For the second part, it seems to assume the branch probabilities are
better maintained than bb counts?

David

>
> Bootstrapped and tested on x86_64-unknown-linux-gnu. Ok for trunk?
> (One more round of regression testing in progress after making some
> slight cleanup changes.)
>
> Thanks,
> Teresa
>
> 2013-10-03  Teresa Johnson  <tejohn...@google.com>
>
>         * params.def (PARAM_MIN_HOT_RUN_RATIO): New parameter.
>         * predict.c (probably_never_executed): Compare frequency-based
>         count to number of training runs.
>         (tree_estimate_probability): Update function call to new name.
>         compute_bb_frequencies and pass new parameter.
>         (compute_loops_at_level): Renamed.
>         (compute_loops): Ditto.
>         (compute_bb_frequencies): Renamed, and new parameter to
>         force recomputing frequencies.
>         (rebuild_frequencies): Recompute bb frequencies from the
>         probabilities instead of from counts due to truncation issues.
>         * predict.h (compute_bb_frequencies): Update declaration.
>
> Index: params.def
> ===================================================================
> --- params.def  (revision 203152)
> +++ params.def  (working copy)
> @@ -373,6 +373,12 @@ DEFPARAM(HOT_BB_FREQUENCY_FRACTION,
>          "Select fraction of the maximal frequency of executions of
> basic block in function given basic block needs to have to be
> considered hot",
>          1000, 0, 0)
>
> +DEFPARAM(PARAM_MIN_HOT_RUN_RATIO,
> +        "min-hot-run-ratio",
> +         "The minimum ratio of profile runs to basic block execution count "

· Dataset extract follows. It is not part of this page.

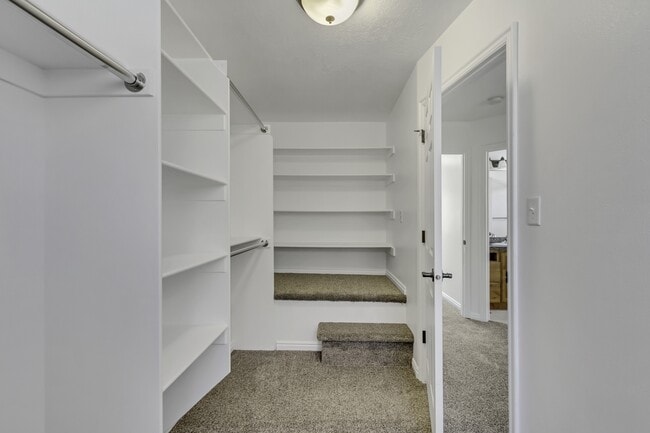 Building Photo - 816 N 175 E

> +         "for the block to be considered hot",
> +        4, 0, 10000)
> +
>  DEFPARAM (PARAM_ALIGN_THRESHOLD,
>           "align-threshold",
>           "Select fraction of the maximal frequency of executions of
> basic block in function given basic block get alignment",
> Index: predict.c
> ===================================================================
> --- predict.c   (revision 203152)
> +++ predict.c   (working copy)
> @@ -237,17 +237,31 @@ probably_never_executed (struct function *fun,
>    gcc_checking_assert (fun);
>    if (profile_status_for_function (fun) == PROFILE_READ)
>      {
> -      if ((count * 4 + profile_info->runs / 2) / profile_info->runs > 0)

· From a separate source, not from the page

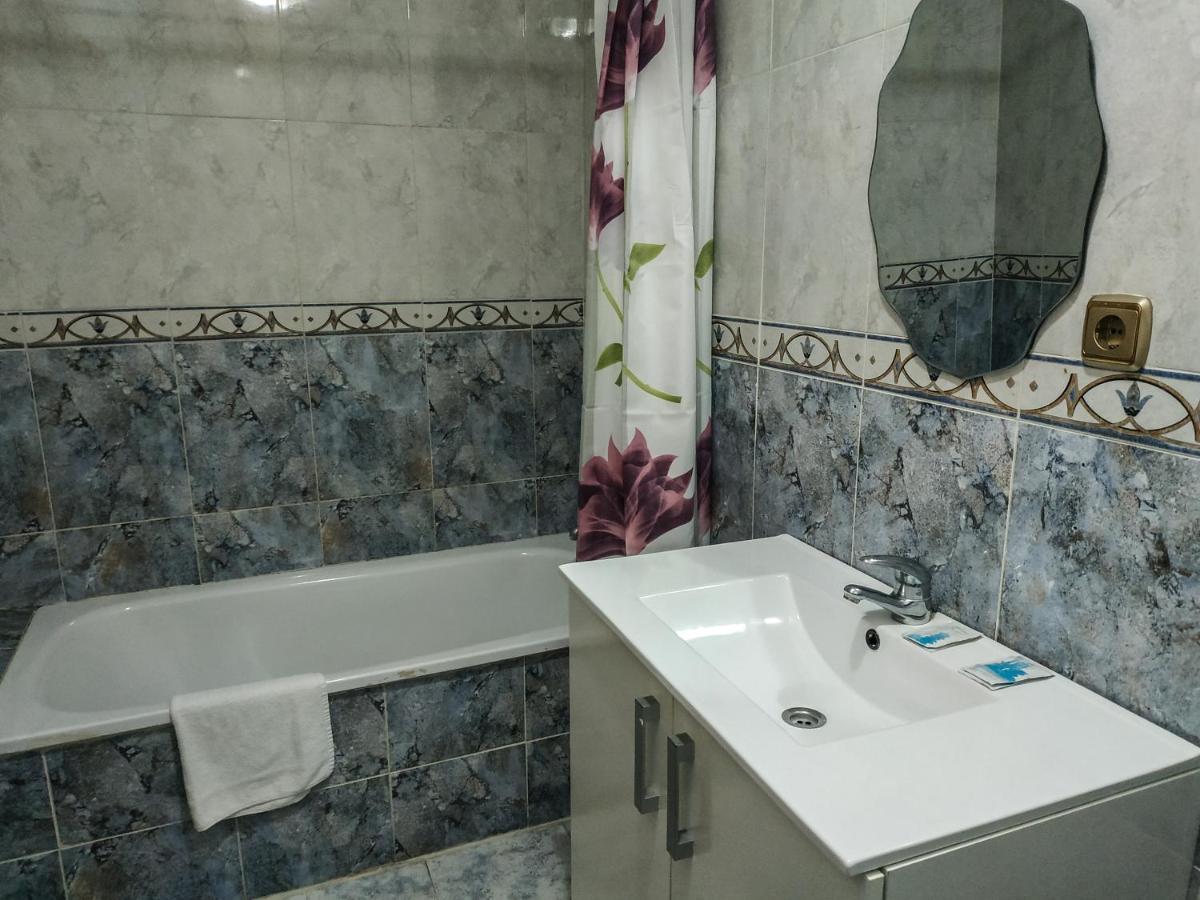 Apartamentos Deluxe San Julian 또레비에하 외부 사진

> +      int min_run_ratio = PARAM_VALUE (PARAM_MIN_HOT_RUN_RATIO);
> +      if (RDIV (count * min_run_ratio, profile_info->runs) > 0)
>         return false;
>        if (!frequency)
>         return true;
>        if (!ENTRY_BLOCK_PTR->frequency)
>         return false;
> -      if (ENTRY_BLOCK_PTR->count && ENTRY_BLOCK_PTR->count < 
> REG_BR_PROB_BASE)
> +      if (ENTRY_BLOCK_PTR->count)
>         {
> -         return (RDIV (frequency * ENTRY_BLOCK_PTR->count,
> -                       ENTRY_BLOCK_PTR->frequency)

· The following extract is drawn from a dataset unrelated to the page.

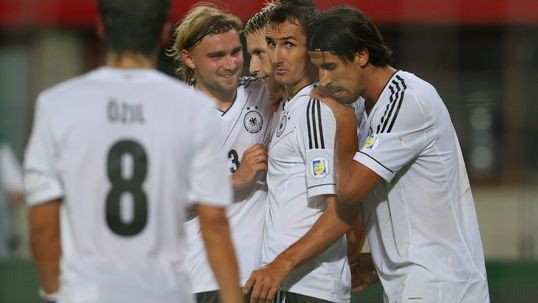 Germany beat Austria in unconvincing win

> -                 < REG_BR_PROB_BASE / 4);
> +          gcov_type scaled_count
> +              = frequency * ENTRY_BLOCK_PTR->count * min_run_ratio;
> +          gcov_type computed_count;
> +          /* Check for overflow, in which case ENTRY_BLOCK_PTR->count should
> +             be large enough to do the division first without losing much
> +             precision.  */
> +          if (scaled_count/frequency/min_run_ratio != ENTRY_BLOCK_PTR->count)
> +            {
> +              computed_count = RDIV (ENTRY_BLOCK_PTR->count,
> +                                     ENTRY_BLOCK_PTR->frequency);
> +              computed_count *= frequency * min_run_ratio;
> +            }
> +          else
> +            computed_count = RDIV (scaled_count, ENTRY_BLOCK_PTR->frequency);
> +          if (RDIV (computed_count * min_run_ratio, profile_info->runs) > 0)
> +            return false;
>         }
>        return true;
>      }
> @@ -2388,7 +2402,7 @@ tree_estimate_probability (void)
>    pointer_map_destroy (bb_predictions);
>    bb_predictions = NULL;
>
> -  estimate_bb_frequencies ();
> +  compute_bb_frequencies (false);
>    free_dominance_info (CDI_POST_DOMINATORS);
>    remove_fake_exit_edges ();
>  }
> @@ -2551,7 +2565,7 @@ typedef struct edge_info_def
>  #define BLOCK_INFO(B)  ((block_info) (B)->aux)
>  #define EDGE_INFO(E)   ((edge_info) (E)->aux)
>
> -/* Helper function for estimate_bb_frequencies.
> +/* Helper function for compute_bb_frequencies.
>     Propagate the frequencies in blocks marked in
>     TOVISIT, starting in HEAD.  */
>
> @@ -2691,10 +2705,10 @@ propagate_freq (basic_block head, bitmap tovisit)
>      }
>  }
>
> -/* Estimate probabilities of loopback edges in loops at same nest level.  */
> +/* Compute frequencies in loops at same nest level.  */
>
>  static void
> -estimate_loops_at_level (struct loop *first_loop)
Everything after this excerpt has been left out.